Thursday, September 19, 2024

Achieving ROI Efficiencies Online Through Brand-Direct Relationships

To most people, brand advertising and direct marketing are two wholly separate, if not antithetical, practices. One is for generating awareness and making emotional connections. The other is meant to elicit a specific response. But until recently, the two initiatives had never been thought of as working together at the same time.

On the Web, however, brand and direct marketing are not so easily separated. Granted, there are times when one tactic is more effective than the other, but in the big picture of an interactive marketing campaign, ROI efficiencies can only be achieved if brand and direct marketing are used conjointly. The secret lies in combining the perception-shaping power of brand advertising with the one-to-one persuasiveness of direct marketing.

It all starts with strong data mining

The most revolutionary aspect of Web marketing is perhaps its most as-yet-untapped one: the ability to measure consumer behavior and to deliver messages accordingly tailored to fit that behavior. The Web allows marketers to glean the type of information from consumers that makes more traditional marketers extremely jealous. By culling behavioral information during each phase of the consumer life cycle, we are able to target the right consumer with the right message at the right time, thereby securing response rates that far exceed campaigns in other mediums like print or television.

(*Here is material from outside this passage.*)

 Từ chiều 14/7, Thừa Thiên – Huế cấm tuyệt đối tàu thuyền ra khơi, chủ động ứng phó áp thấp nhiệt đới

Think of consumer behavior patterns in terms of a ladder, each rung of which is made up of consumers at varying degrees of involvement with your brand. At the bottom rung is the general pool of consumers at large. Your customers are somewhere within this pool; your task is to dive in there and find them. On the second rung are the suspects-people who fall within certain demographics, psychographics or life-stages and therefore are likely targets for your offer. Suspects who have demonstrated a clear desire to learn more about your offering then become prospects. These are the hand-raisers, people who identify themselves by asking for more information. Prospects who have made a purchase become customers, and then the top rung of the ladder-the holy grail of marketing-consists of customers with whom you have developed such close relationships with that they become loyal brand advocates, a state in which your customers become advertisements themselves.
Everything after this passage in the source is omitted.